6. TF2 no longer works since changing from the open source driver to the AMD supplied Catalyst 10.11 driver. So I need to investigate that, and maybe try running it directly from its game folder instead of through steam to see if it makes a difference.
There is probably more, but I've forgotten, as I'm not really doing this as a full report style analysis. Once complete though, if the findings are good, I may consider a step by step guide to achieving it all.
The problem is, proprietory drivers in my experience have a nasty habit of breaking the desktop, and recovering the damage caused by there installation is somewhat tedious at times - Unlike Windows its never going to be a one type does all affair unfortunately. That said, it should be good for Ubuntu 10.10 based installs though.
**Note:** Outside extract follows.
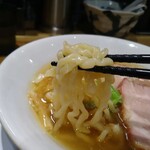 土浦麺処 龍乃舞 - 麺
If I can get it running properly to a point where its feasible to test it all, I'm quite happy to listen to advice on how to do it fairly, and correctly and then do said reports. I think its safe to say it will never be as good as Windows though, with the exception of GPU performance. If you have enough GPU capacity spare, then you should be able to run them at very good settings. Normally my HD4670 is good for most games (I'm yet to find one that won't play and that includes Crysis), but its no powerhouse either, and I feel I'm seriously pushing the boundaries with this card for games in Linux,
The impression I get is they just don't work with the same efficiency as they do with Windows. So while windows can use the full 100% of my GPU, I doubt Linux is using 60% of it when you factor in the way Wine is effectively translating everything into a way Linux can understand. With that in mind, I think its logical to assume that during this process of "translation" I'm losing GPU performance - If I had a HD6870 I dare say the loss would be less suficiant. Once I have my MomentusXT or SSD drive for linux installed, and my HD6870 we can really see how the performance is!
how do like mint? presumably it's independent of cannonical?
I quite like it actually. Ubuntu was the first distro I ever used, and despite wanting to advance further with distros like Gentoo or Slackware I've always kept it running on something - My MSI laptop uses Ubuntu 10.10 netbook edition to great effect.
Linux Mint can use either Debian as a backend, or Ubuntu - In pretty much all the regular GUI environments (I've forgotten the real name for this), but Gnome is my favourite. KDE, XFCE and others are offered though, as is 32 bit and 64 bit versions.
It comes more media friendly more than anything, so you don't need to mess around getting codecs and settings, flash and java in order to make it "everyday workable". I also like the menu, which is very KDE like, but without the really annoying way you navigate the KDE program menu - Something I can't stand!
All in all I'm very impressed, and prefer the cleaner, more Gnome "default" look of the GUI. In recent times Ubuntu/Canonical have gone the route of customising and almost creating a "Ubuntu Gnome GUI", rather than use the one produced like everyone else. I don't like things like the social networking menu in Ubuntu, which of course isn't in Linux Mint.
More crucially, because its Ubuntu inside, everything works as Ubuntu should, down to the software and methods used to install it. So its got me to somewhere I'm happier, without sacrificing the knowledge I've learned for Ubuntu over the last several years.